The graphic novel will be published next year by NBM, but it’s available to view as a 17-minute animated (actually, still-shots) movie on this site if you fork over the equivalent of about four bucks. I confess I didn’t last more than a minute and a half, two minutes tops. Not only did I see no storytelling, but it seemed to have all the earmarks of a pretentious performance art piece worthy of the likes of a young Yoko Ono.
If Grapefruit were a graphic novel-imagined-as-an-animated movie, it might look something like this. Only without the grapefruit, and with a lava lamp, a fly, a piano, and a metronome, among other things.
During the New York Comic Con’s "Cup o’ Joe" panel Saturday, Marvel Editor-in-Chief Joe Quesada dropped some exciting new announcements concerning a few projects in Marvel’s coming year.
First off, the award-winning team of Brian Michael Bendis and Alex Maleev will be taking the creative helm for Marvel’s Halo, based on the critically acclaimed video game franchise. The book is expected out this summer.
New Avengers/Transformers was nnounced for this summer. The book will be a joint effort by Marvel and IDW Publishing. Taking the helm for the "widescreen" book is Stuart Moore & Tyler Kirkman.
Orson Scott Card will be penning the "Ender’s Game" story-appearing in the Red Prophet hardcover ONLY!
Finally, Arthur Suydam (Marvel Zombies cover artist), and Marko Djurdjevic (gaming artist) were announced as Marvel exclusives, and will be attached to a number of books including Marvel Zombies vs. Army of Darkness and Daredevil starting this Spring.
Hoping to capitalize on the latest superhero movies, we now present to you… Banana Rider!
Coming from the fiery depths, this banana flambé is here to protect fruit from going bad. Oh, and he’s also here for licensing. Never forget licensing.
We’re happy to see such strong work ethic from this individual — clearly he’s looking to avoid going back on the Dole.
In one of the smarter moves I’ve seen at this con, the people behind the AnimeNext convention have set aside a conference room at the Javitz center with shelves filled with manga that you can check out and read quietly in the room, in a nice quiet oasis from the hub-bub on the main floors. Absolutely brilliant, and the latest exhibit in why manga is kicking the tailfeathers of American comics.

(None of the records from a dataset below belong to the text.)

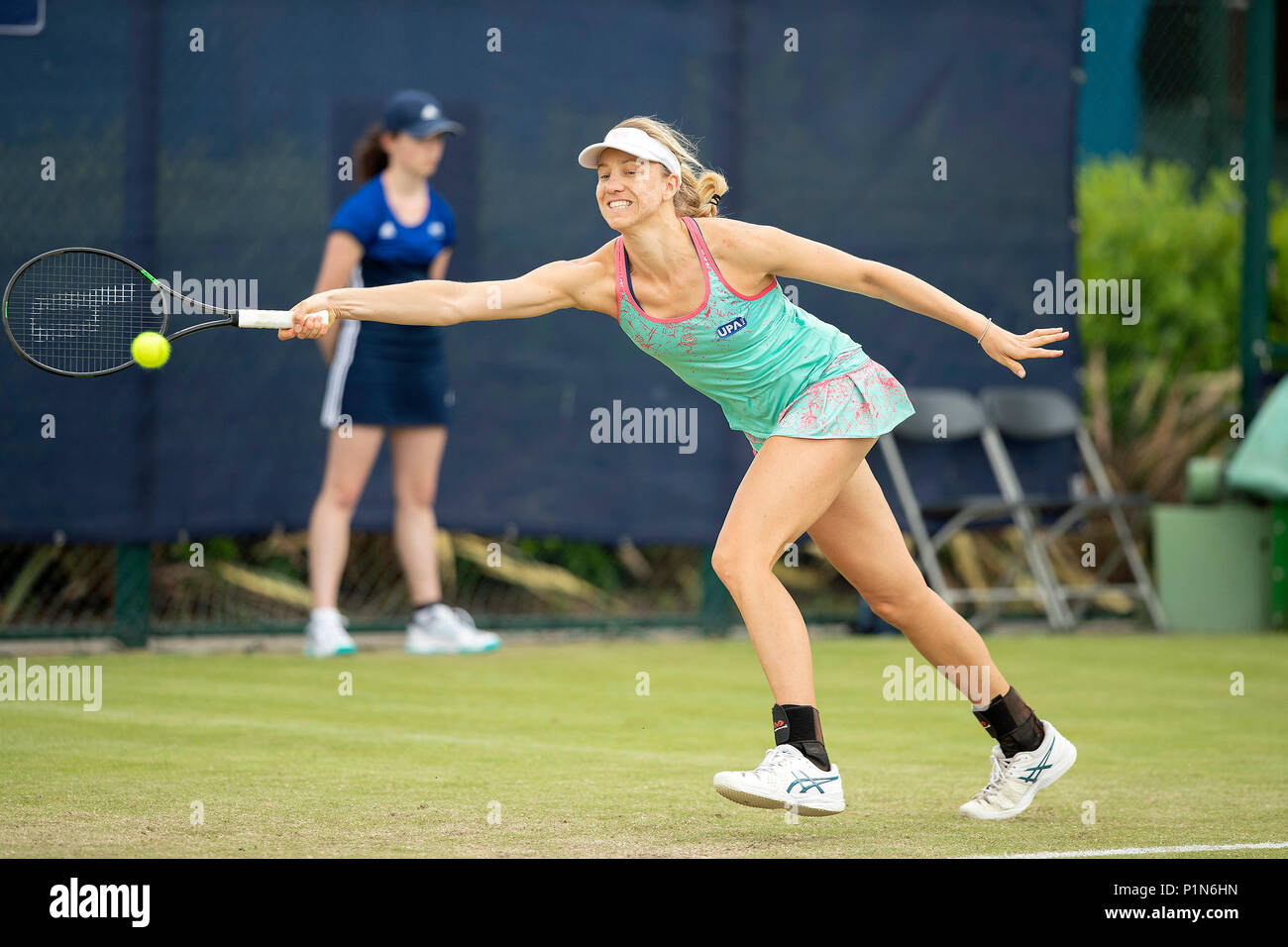 Nottingham Tennis Centre, Nottingham, UK. 12th June, 2018. The Nature Valley Open Tennis Tournament; Monica Barthel (GER) reaches for a forehand in her match against Katie Swan (GBR) Credit: Action Plus Sports/Alamy Live News Stock Photo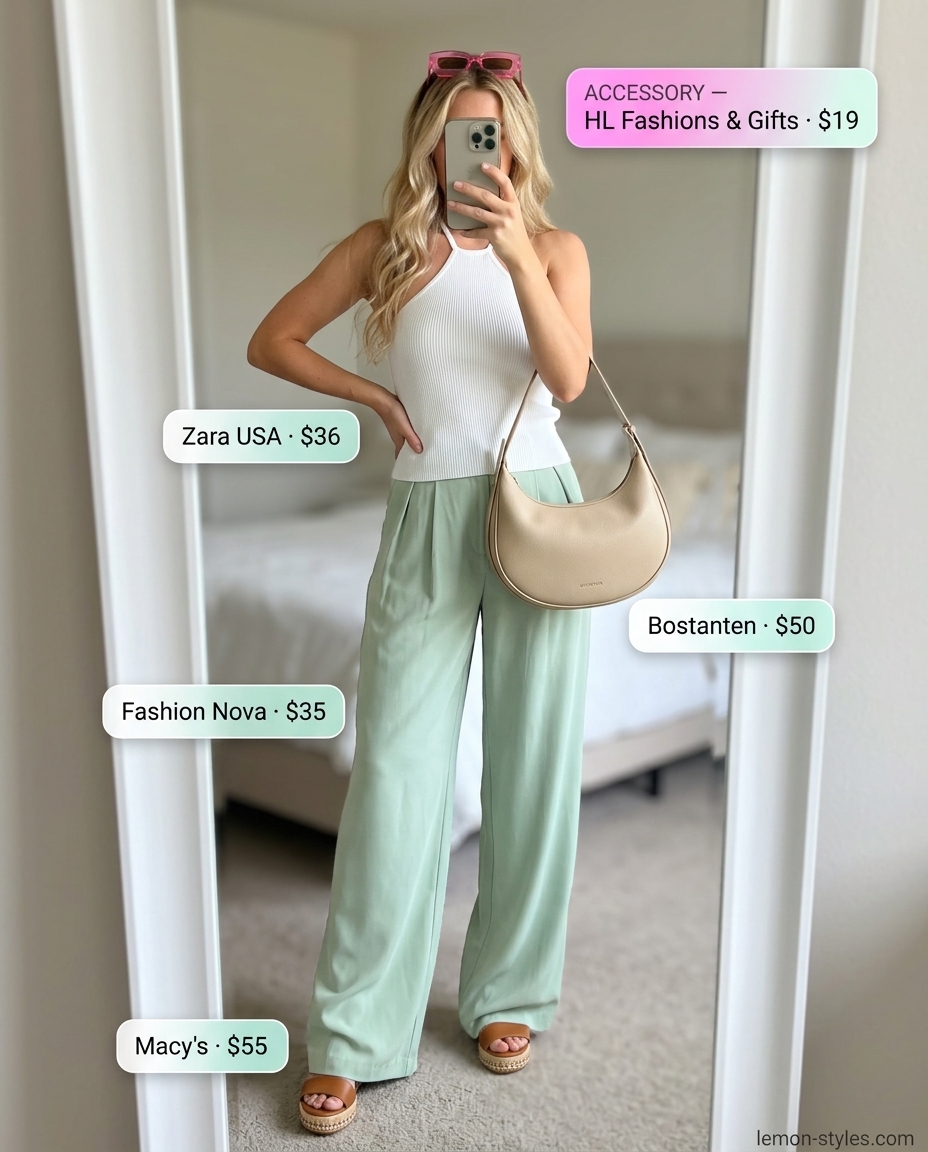Retro Low-Waist Trousers 2026 Retro mint green low-waist flared trousers for women 2026, ideal for festivals or parties. Styled with crop top & espadrilles.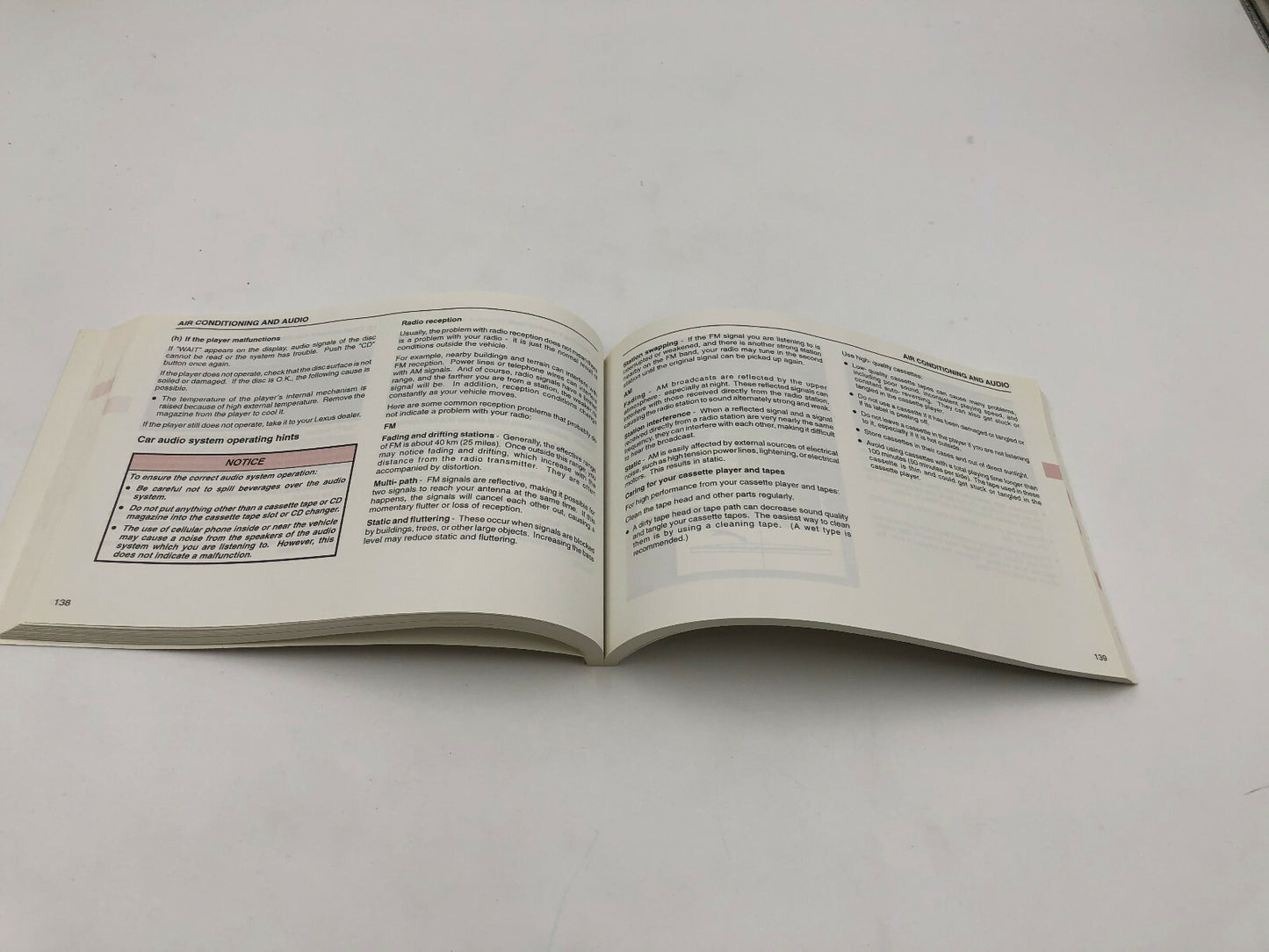 1999 Lexus ES300 ES 300 Owners Manual OEM E02B67006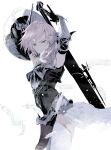  1girl armor armpits arms_up bare_shoulders cofffee cowboy_shot final_fantasy final_fantasy_xiii final_fantasy_xiii-2 green_eyes holding holding_shield holding_weapon incoming_attack lightning_farron long_hair looking_at_viewer pelvic_curtain shield solo thigh-highs weapon white_hair white_legwear 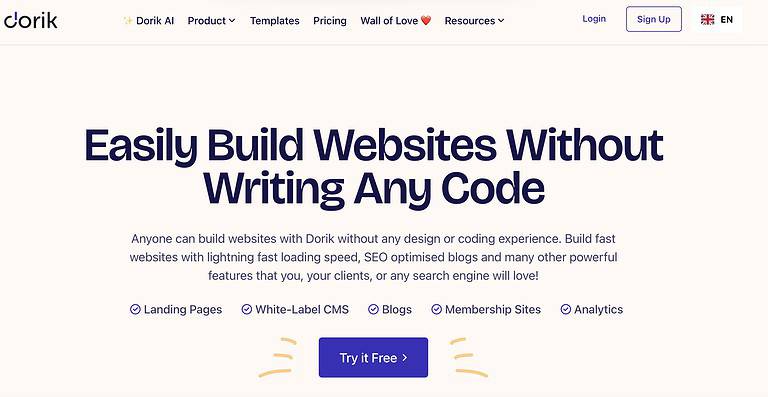 dorik website builder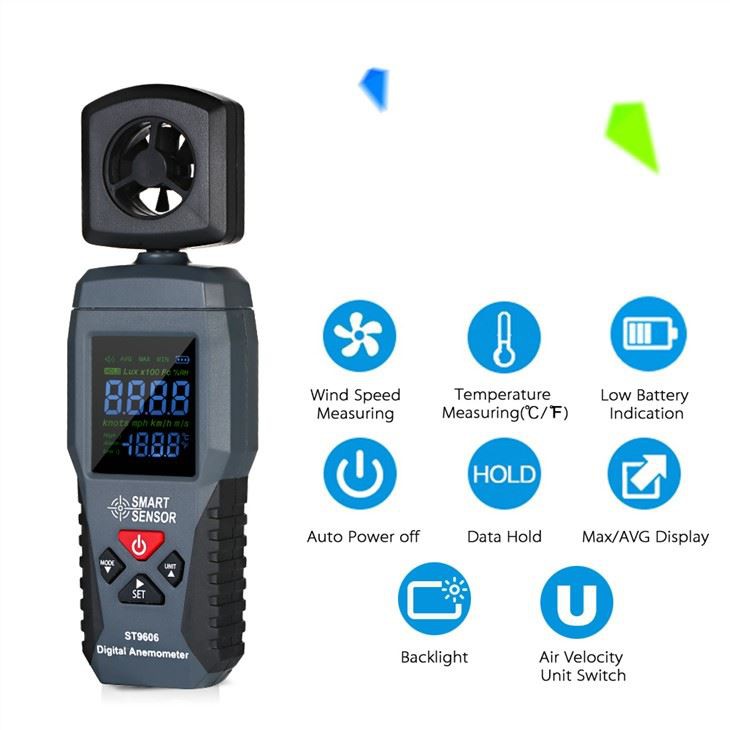 Wind Speed Gauge Temperature Meter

At the NYCC “DCU: A Better Tomorrow – Today” panel, DC Executive Editor Dan DiDio may have let the cat out of the bag.
DiDio was asked if in the Countdown teaser image The Flash was Barry Allen and Red Robin was Jason Todd. DiDio got flustered before answering “yes.”
This drew icy stares from the rest of the panel members and applause from the crowd. DiDio’s mic was taken away for the remainder of the panel. The final question for the panel was “Who would you like to kill during Countdown?” and Greg Rucka closed the panel by looking at DiDio and saying, “I’m looking at him.”
A good time was had by all.
The marquee event on Friday night was “Stan Lee: An American Icon,” an event that did not go off without a couple of hitches.
There was a total lack of security at the event. When Lee arrived he came in through the crowd and took the stage. As anticipated the room exploded in flashbulbs when Lee took the stage. People started working their way to the front to get a clearer shot and soon there was a crowd five or six people deep around the stage. There was no one from the convention security there to disperse this crowd and it took five minutes for volunteers to arrive and disperse the crowd. Lee was totally unprotected.